Further, as Torre de Silva points out, to get permission for base station sites can take literally years. He says, “It seems a regulated market, but it is a highly fragmented market,” adding, “You cannot expect the private sector to invest more than €1 trillion, which it is going to cost [to deploy 5G], if you don’t provide them with the opportunity [to earn it back].
“The returns should be foreseeable and safe from regulatory gaps. In practice, because the regulatory [situation] cannot be foreseen in the long term, [operators] cannot make good investment decisions. And if you [go ahead], you add a little bit on the return because of that regulatory risk.
“If the regulation were safer, more predictable, and lighter, this additional return required to offset regulatory risk would be reduced… but the authorities probably don’t see that they are part of the problem.” It will be interesting to see if the pandemic and the resultant rescue plan (see below) reflect a change in the Commission’s approach.
Looking to government
Already there are more private that public networks in existence, and Rethink RAN Research predicts 1.56 million private 5G cells deployed by 2027. Although enterprise is the great hope for operators regarding new revenue streams to replace those that are drying up, these networks may or may not involve operators and in many that do, operators will just be providing the connectivity.
The bonanza promised from new 5G services for enterprises may or may not materialise, but in the meantime public cloud companies are making swift inroads into telecoms.

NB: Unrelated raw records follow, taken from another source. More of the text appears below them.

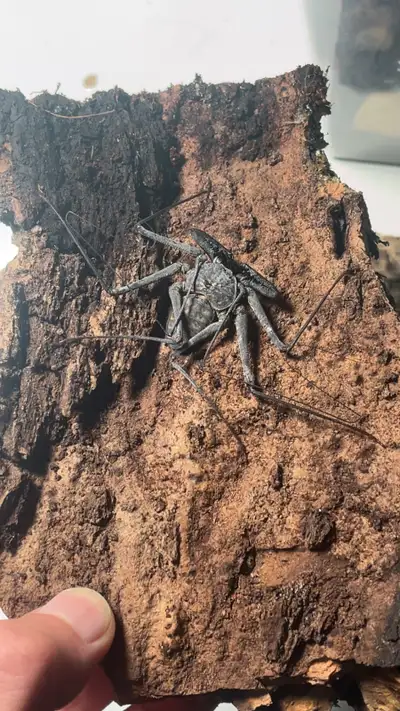 Mexican Tailess Whip Scorpion , View more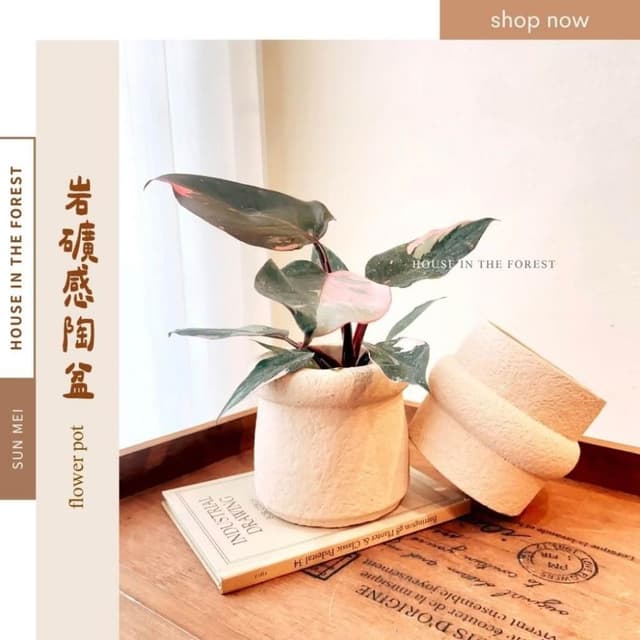 陶盆 岩礦感陶盆 花盆 花器 陶藝品 植栽布置 觀葉植物 多肉植物 虎尾蘭 植物擺設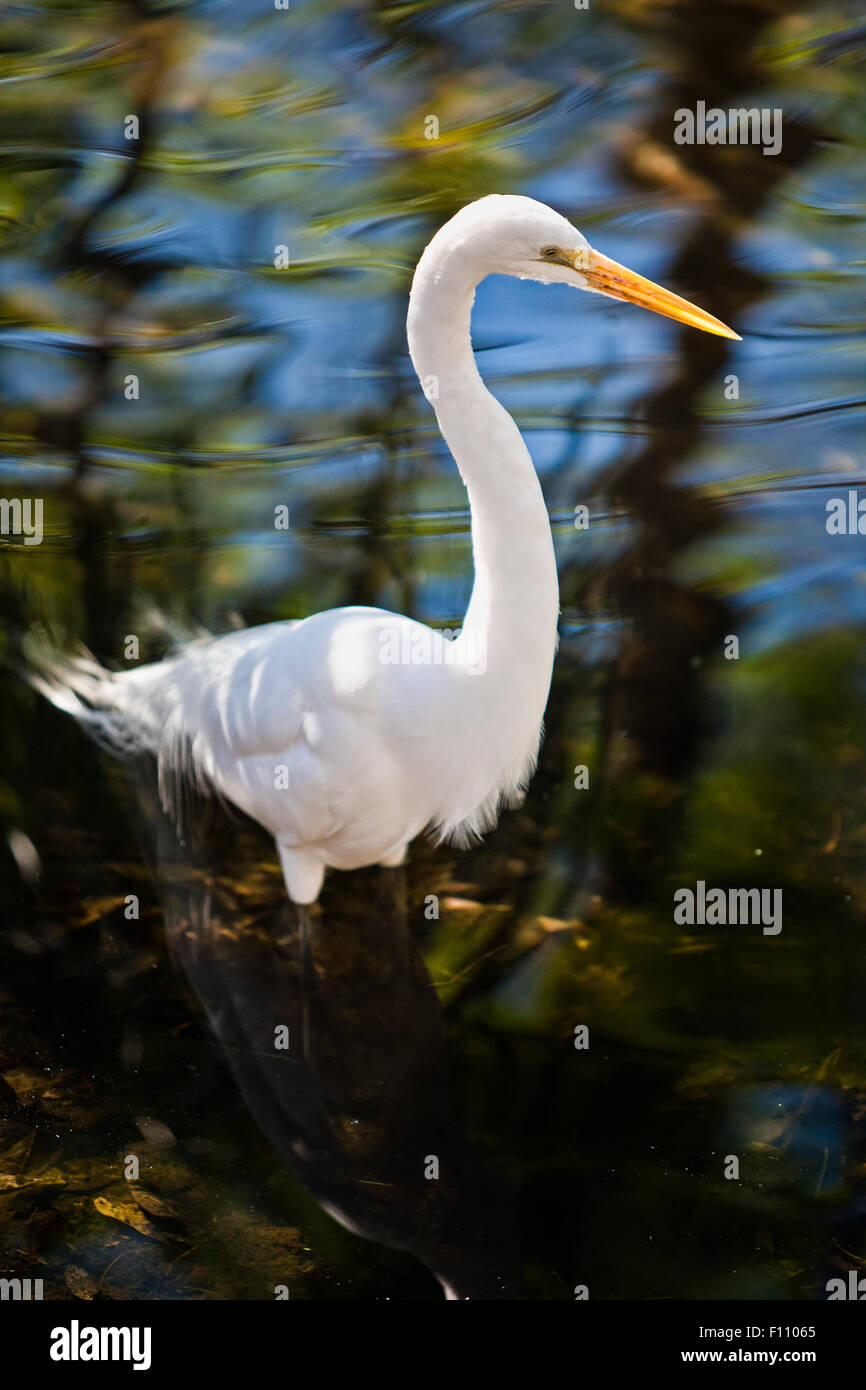 Great White Egret bird standing in shallow water with soft reflections as a backdrop Stock Photo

Having proved their worth during the pandemic, operators are hoping governments at national and European Union level will step into the investment breach. For instance, Orange, Telefónica and Vodafone opcos in Spain are reportedly jointly applying to the country’s Ministry of Economic Affairs to undertake large infrastructure projects, funded by the EC’s €1.8 trillion pandemic recovery plan.
In mid-March, as the European Council met to discuss the future of Europe’s industrial and digital policy, ETNO published a report claiming that €300 billion in telecoms network investment would create 2.4 million new jobs, but investment must also go into stimulating digital demand and providing people with digital skills.
In January, Europe’s big four operator groups – Deutsche Telekom, Orange, Telefonica and Vodafone – expressed their support for Open RAN and highlighted the need for government support for it with funding and policies to reach its potential. Many countries are looking for government subsidies to roll out fibre to the most difficult-to-reach, commercially unviable areas.
The banks were famously said to be too big to be allowed to fail in the global financial crash of 2008. Europe’s telcos aren’t in such a dire position yet, but they are banking on being too critical for governments to deprive of funds. Who could have foreseen this back in the heady days of privatisation and liberalisation, and the mobile boom?
Good news for Europe’s telcos
Jefferies Equity Research Europe Telecoms reckons that, “Several large cap telcos will return to growth in 2021, as pandemic headwinds unwind.” It also found that there has been no increase in churn during the pandemic, despite pressure on household income. It predicts that with connectivity consumers will be more interested in quality than price and will tend to look favourably on incumbent brands.